Why Seniority Matters

Seniority at RHS or any high school is inevitable. The concept of seniority is that individuals who are older or have experience gain more privileges. This is a basic law of life at RHS, from senior captains of clubs and athletic teams, to upperclassmen scoffing at the freshman’s inexperience with the Learning Commons’ printers. We even separate lunch areas by grade, and it’s commonplace to hear outrage over a freshman in the campus center or cafeteria.

As much as students like to ridicule freshman inexperience, we were all freshman at one point, lost in a maze-like school and oblivious to the social code that came with being a ninth grader. Sympathy towards the students going through one of the largest transitions in their young-adult lives would greatly improve inter-grade relations at this school.

However, freshman empathy makes up the majority of my disdain towards seniority. Being older does not mean that one is wiser, but passing off the torch between leaders of extracurriculars each year is a beautiful tradition that gives the eventual leaders time to get a feel for what that job entails. In the current system for the majority of clubs at RHS, leadership opportunities are given based on a combination of both seniority and skill. This means officer positions for sophomores and juniors and leadership positions for juniors or seniors.

To a freshman or sophomore, the system may seem flawed at the time, but if they really deserve a role, they will receive one when they are old enough to be considered. By giving power to the inexperienced, clubs would destroy the slow training experience that they have used for years.

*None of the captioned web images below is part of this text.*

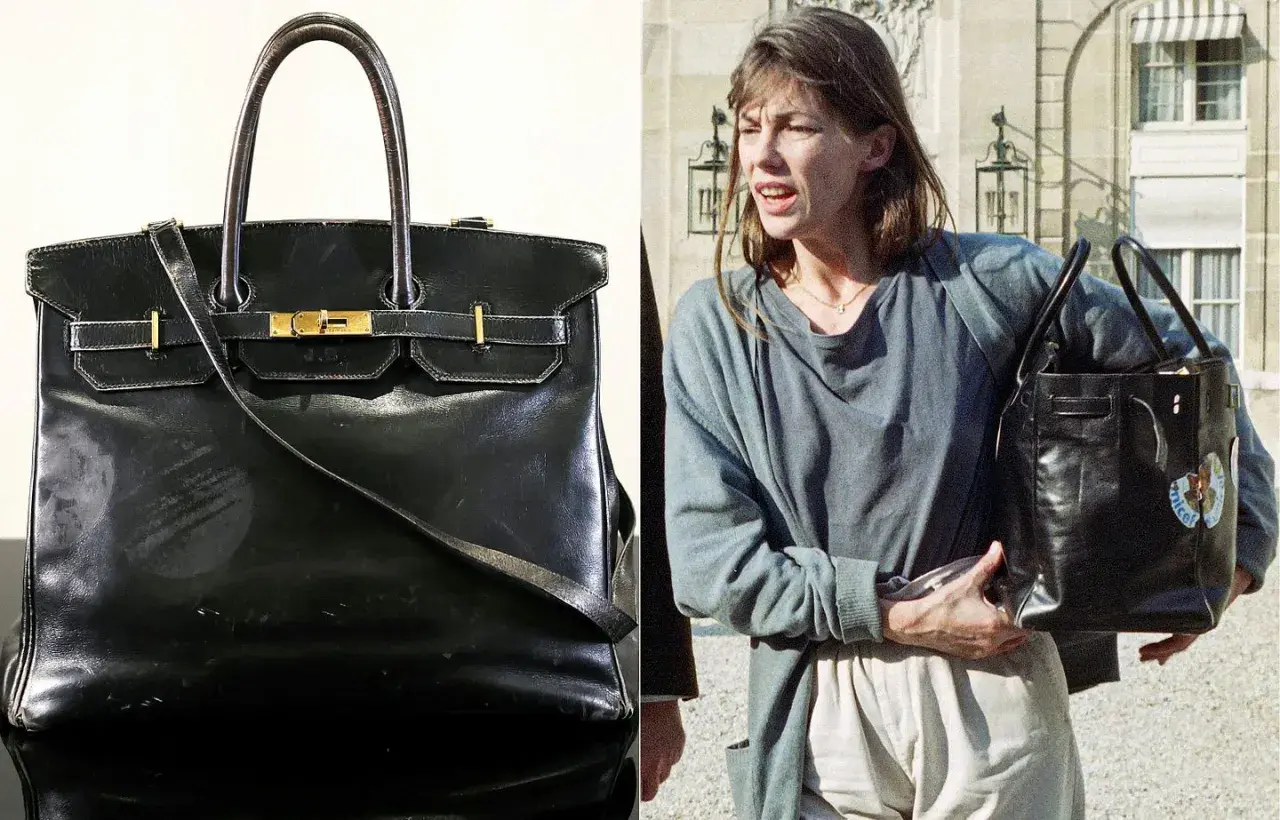 En ikonisk svart Birkin-väska, en av de mest exklusiva i sitt slag, bärs av Jane Birkin.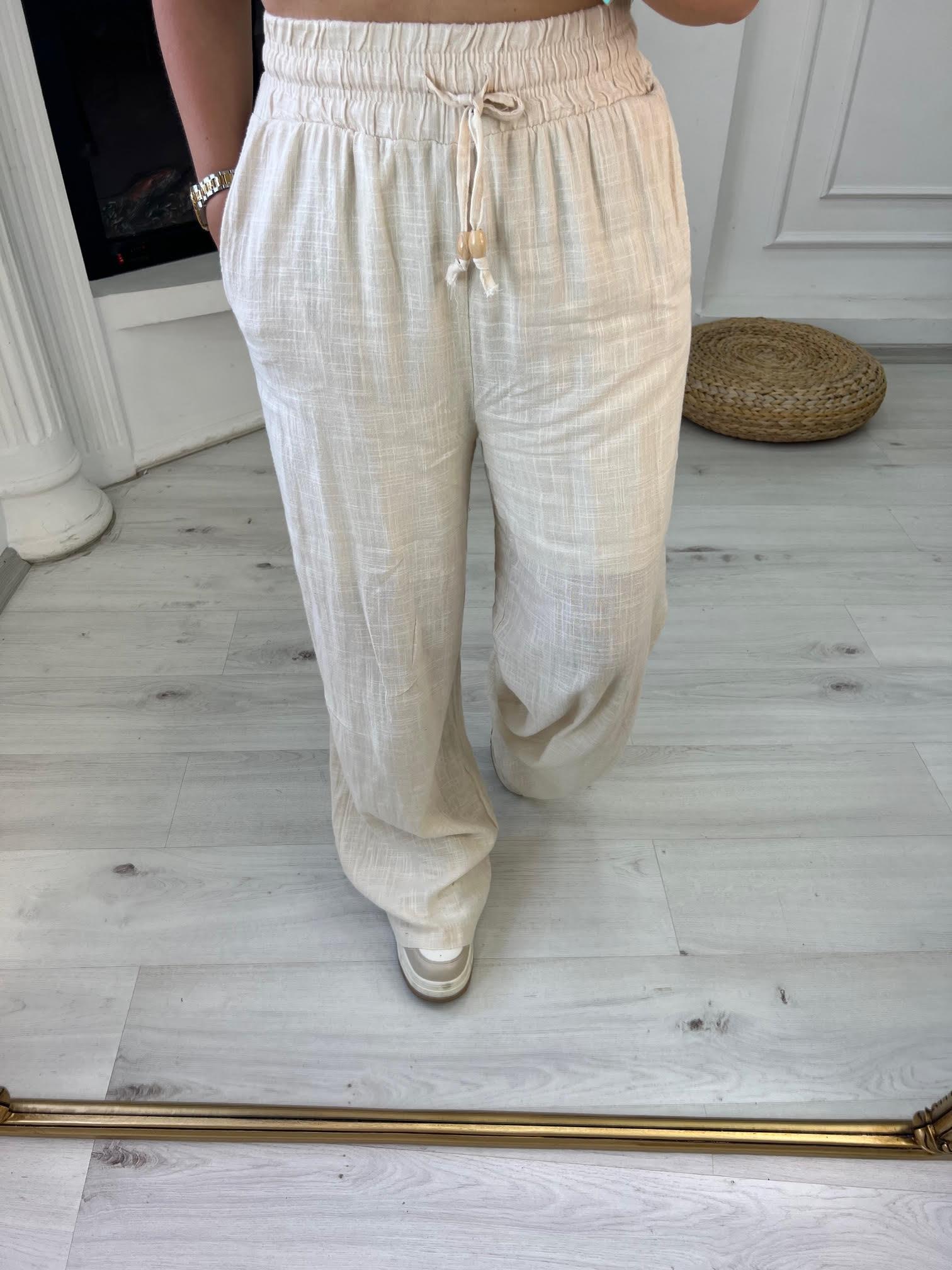 50554 Lastikli Boru Paça Pantolon TAŞ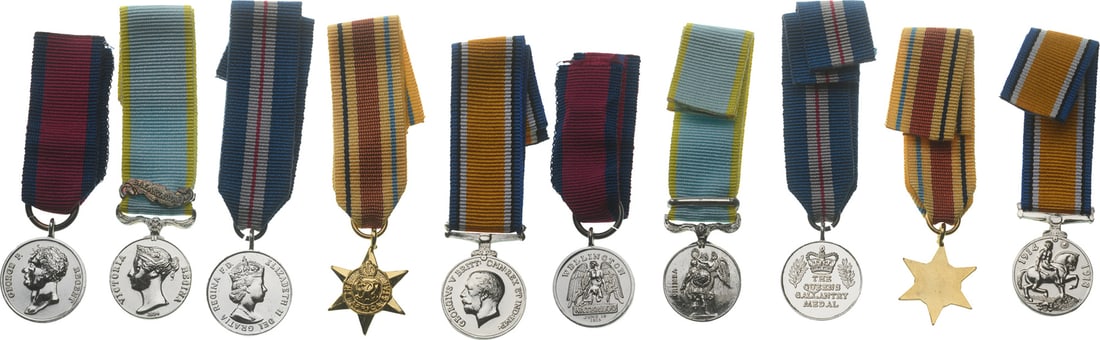 Collection of 10 Military Medals Miniatures (1 of 2)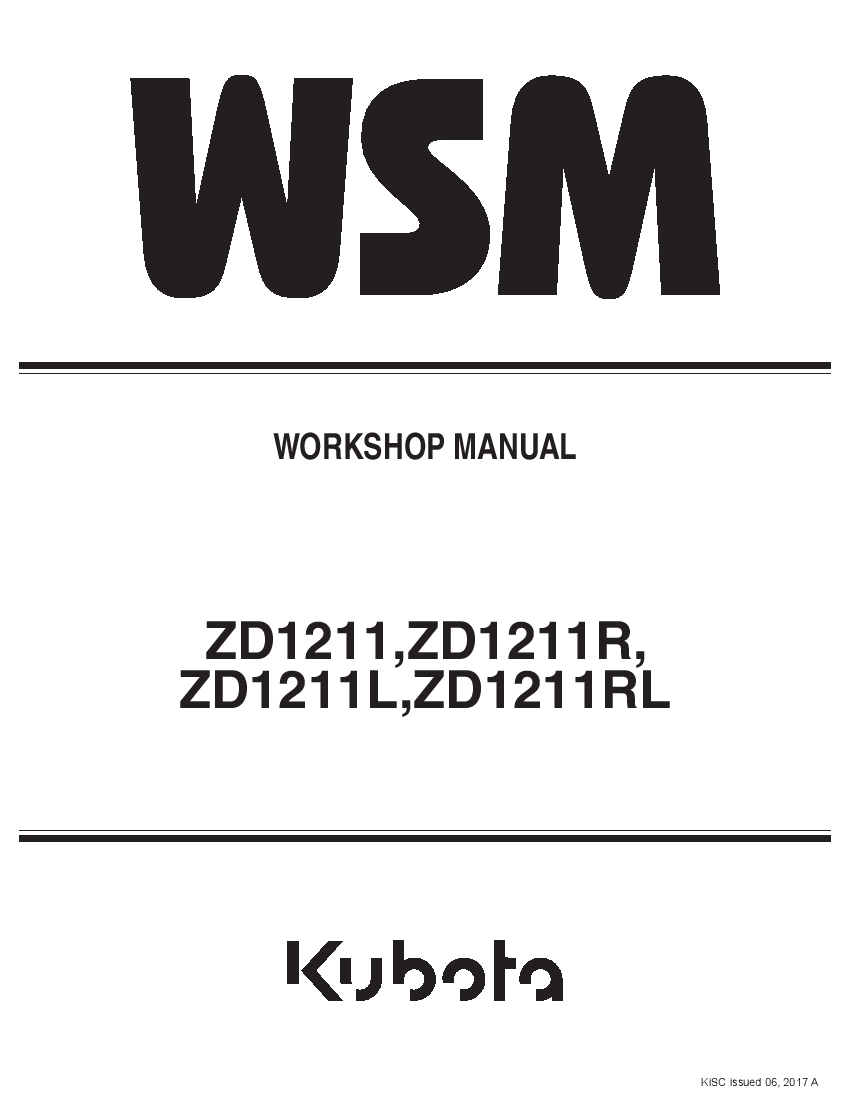 Kubota ZD1211, ZD1211R, ZD1211L, ZD1211RL 9Y111-13443 service manual PDF Download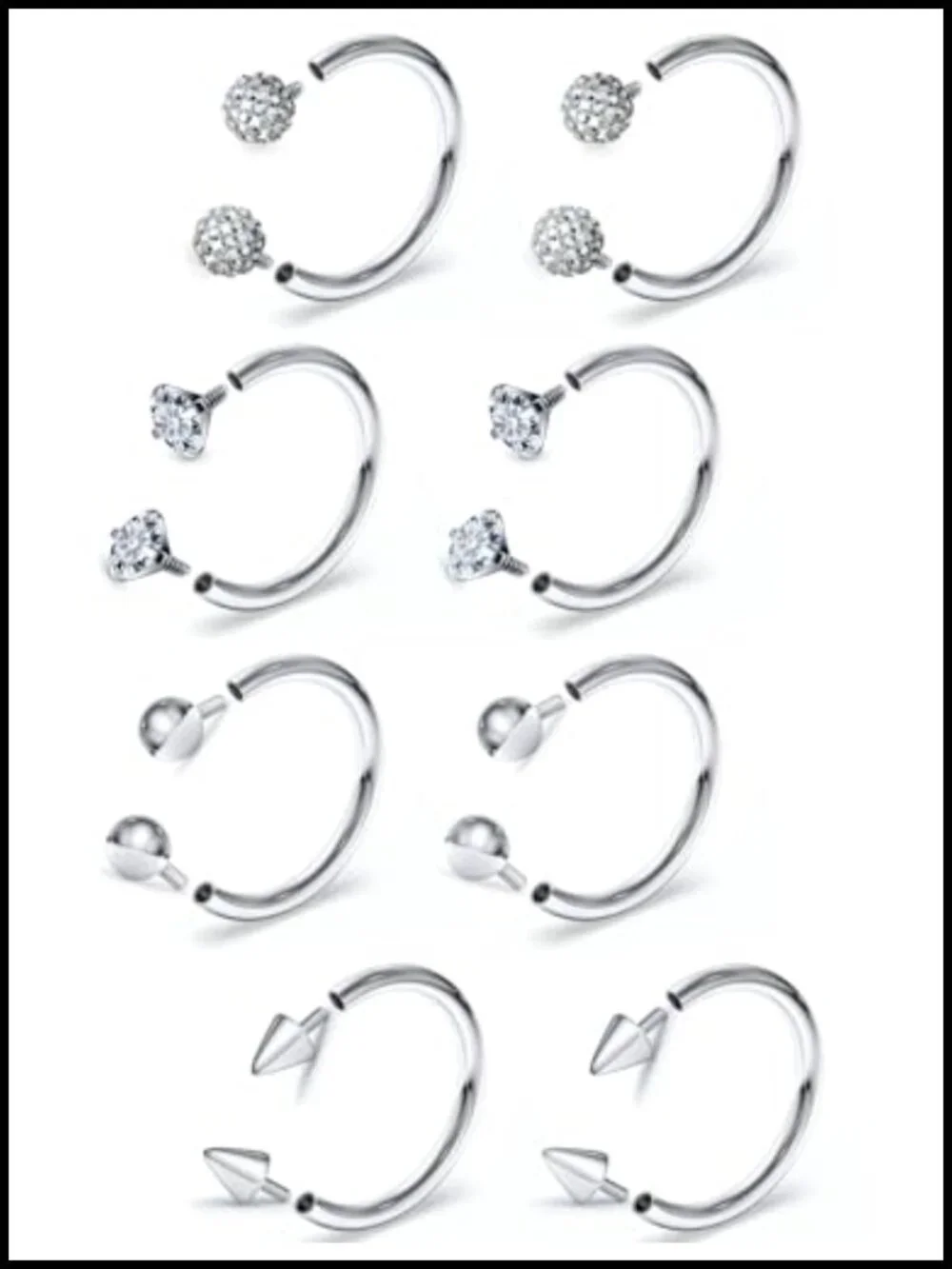 Surgical Steel Horseshoe Nose Rings 18G Double Gem Stud (8mm) Body Piercing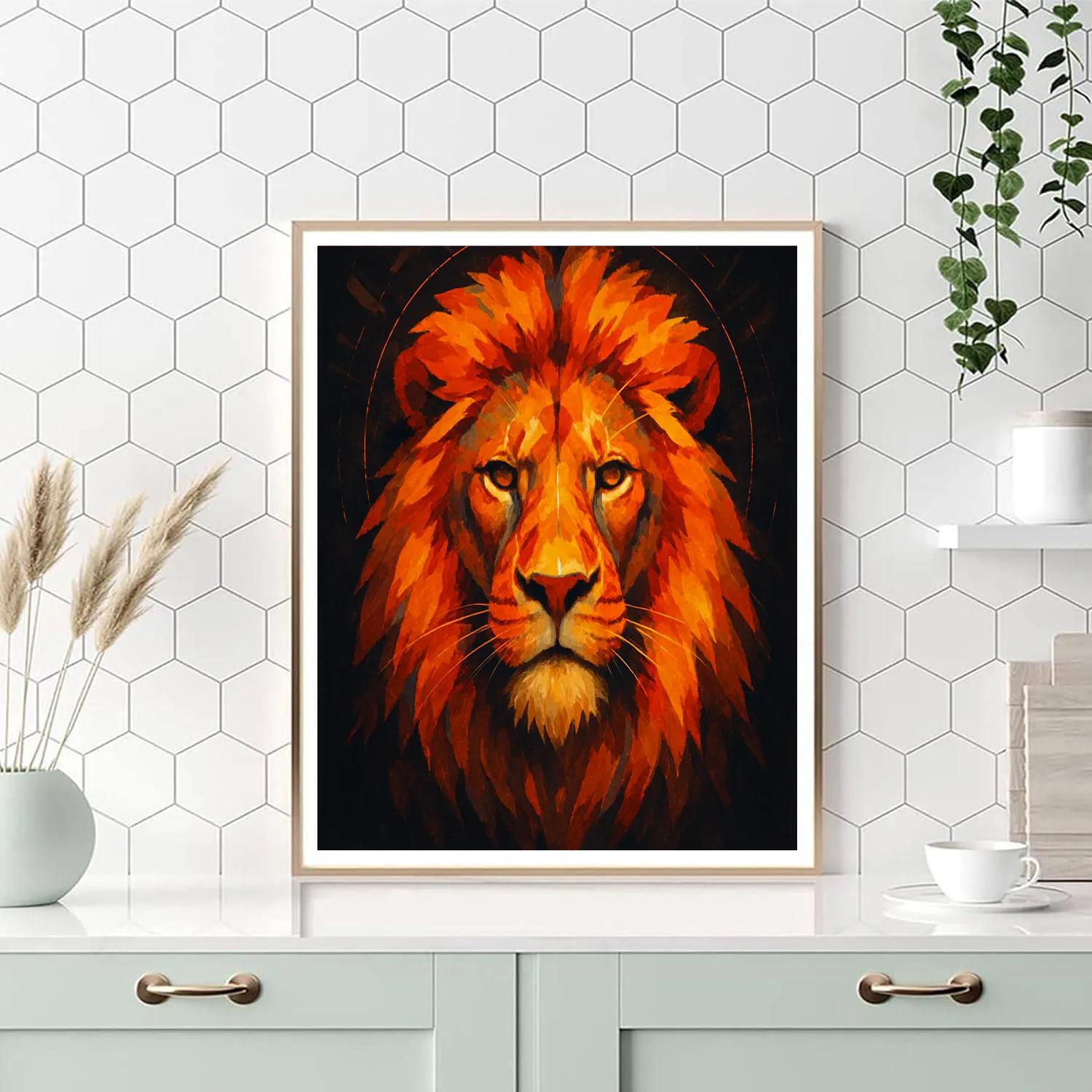 Solar Crown Lion DIY paint by numbers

The similar status quo applies to the multiple years of participation on a sports team in order to become a leader. This seems fitting, given that the future leaders have plenty of time to observe how their predecessors did the job. In this way, the vision of the original founders are still lived out by these clubs, even as they evolve with the times. Beyond getting a sense of leadership within a club, when leaders are older, they are also much more familiar with the members. Having this familiarity is crucial to building trust with those in charge.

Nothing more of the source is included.